Il Partito Socialista ha proposto al Cda della società una forte azione tesa a ridurre l’apparato burocratico della Talete, rendendo più snella e funzionale la macchina amministrativa.

Sinistra Ecologia e Libertà ha evidenziato come l’eventuale fallimento della Talete avrà ripercussioni drammatiche sui bilanci dei comuni che saranno chiamati a rispondere in quanto soci. Per alcuni comuni, a detta di Capaldi, un’ipotesi del genere equivarrebbe al dissesto finanziario. Da qui la richiesta di un piano industriale chiaro, convincente, che consenta di uscire definitivamente dal meccanismo debitorio che stritola la società.

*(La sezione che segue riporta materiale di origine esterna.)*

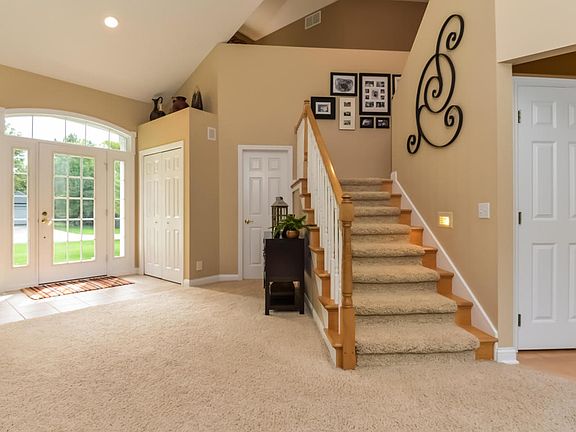 5th image of 17045 Donahue Woods Dr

Futuro e Libertà infine nell’associarsi alla richiesta di chiarimenti in ordine alle responsabilità che hanno portato al fallimento gestionale, ha messo in evidenza come i partiti in un contesto del genere possano incidere molto poco sia sulla Regione che sugli enti locali.

Fedele ha spiegato come l’attuale prezzo della tariffa fissato nel 2009 non consenta di coprire i costi di gestione a causa soprattutto di una diminuzione dei consumi. Senza un adeguamento sarà impossibile per la società non andare in deficit.

Meroi dopo aver ascoltato tutti gli interventi ha concluso ribadendo il concetto iniziale: “Se i partiti non saranno in condizione di dare un indirizzo politico chiaro ai propri amministratori, non ci resta che prendere atto della loro inutilità. E’ vero che tutti noi che siamo investiti di ruoli istituzionali dobbiamo rispondere in primo luogo ai cittadini che ci hanno eletti, ma su questioni fondamentali per il futuro del territorio, destinati ad avere un forte impatto sulle popolazioni, tocca alla politica cercare la sintesi e fornire agli amministratori la linea da seguire. Se questa funzione, una volta prerogativa esclusiva dei partiti, si è persa nel tempo, è necessario recuperarla soprattutto in casi d’emergenza”.

L’incontro si è chiuso con l’impegno di tutte le segreterie provinciali a riunire i propri organismi per deliberare le rispettive posizioni politiche sull’argomento. Posizioni che saranno poi portate ad un successivo tavolo e discusse con l’obiettivo di individuare una linea unitaria.